======== DATASET CONTENT ========

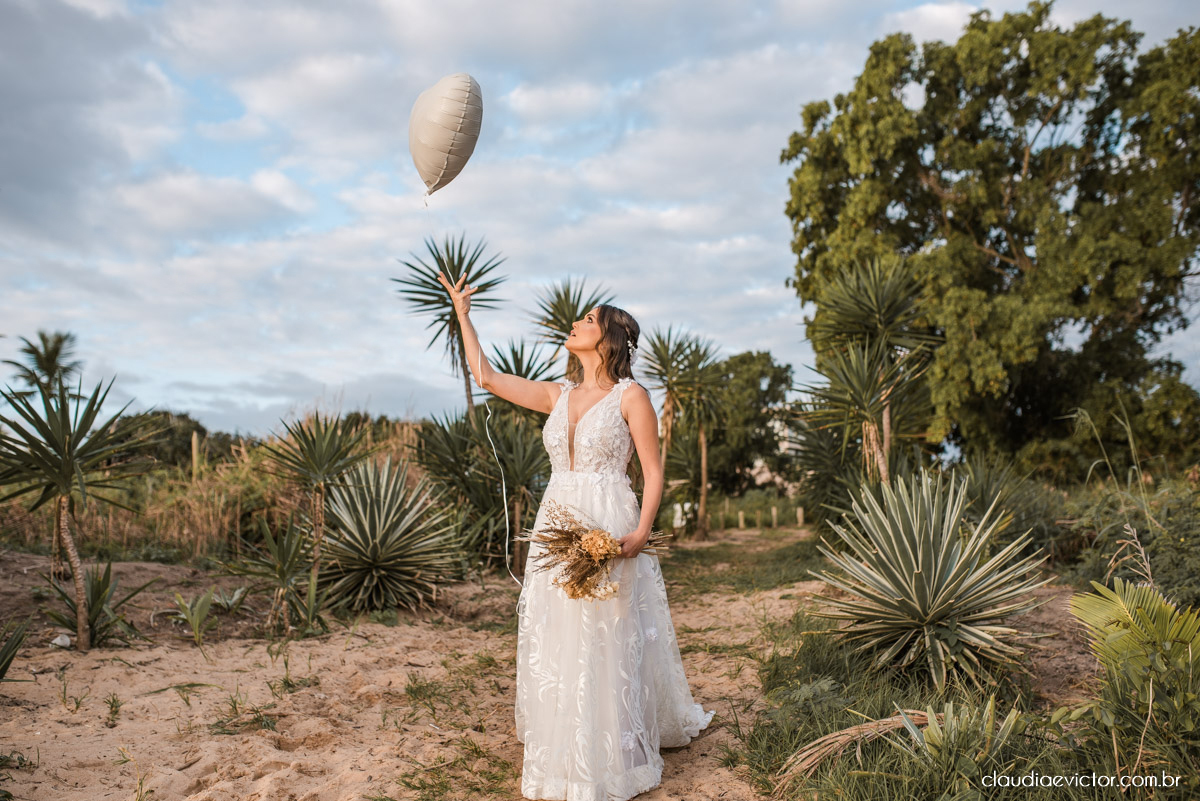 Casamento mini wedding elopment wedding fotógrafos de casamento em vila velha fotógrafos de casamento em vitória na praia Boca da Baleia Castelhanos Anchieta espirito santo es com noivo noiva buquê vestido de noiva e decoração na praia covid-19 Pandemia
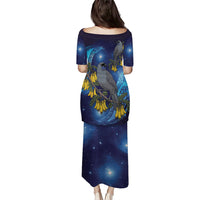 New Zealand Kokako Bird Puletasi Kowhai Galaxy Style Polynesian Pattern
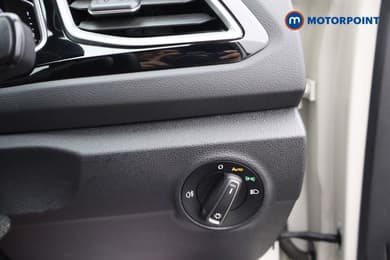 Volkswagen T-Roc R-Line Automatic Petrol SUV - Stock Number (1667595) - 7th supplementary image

========

§ **TASK BRIEF**: The whole listing should be restated word for word, with no pictures.

§ **WRITTEN RESPONSE**:
 Casamento mini wedding elopment wedding fotógrafos de casamento em vila velha fotógrafos de casamento em vitória na praia Boca da Baleia Castelhanos Anchieta espirito santo es com noivo noiva buquê vestido de noiva e decoração na praia covid-19 Pandemia
 New Zealand Kokako Bird Puletasi Kowhai Galaxy Style Polynesian Pattern
 Volkswagen T-Roc R-Line Automatic Petrol SUV - Stock Number (1667595) - 7th supplementary image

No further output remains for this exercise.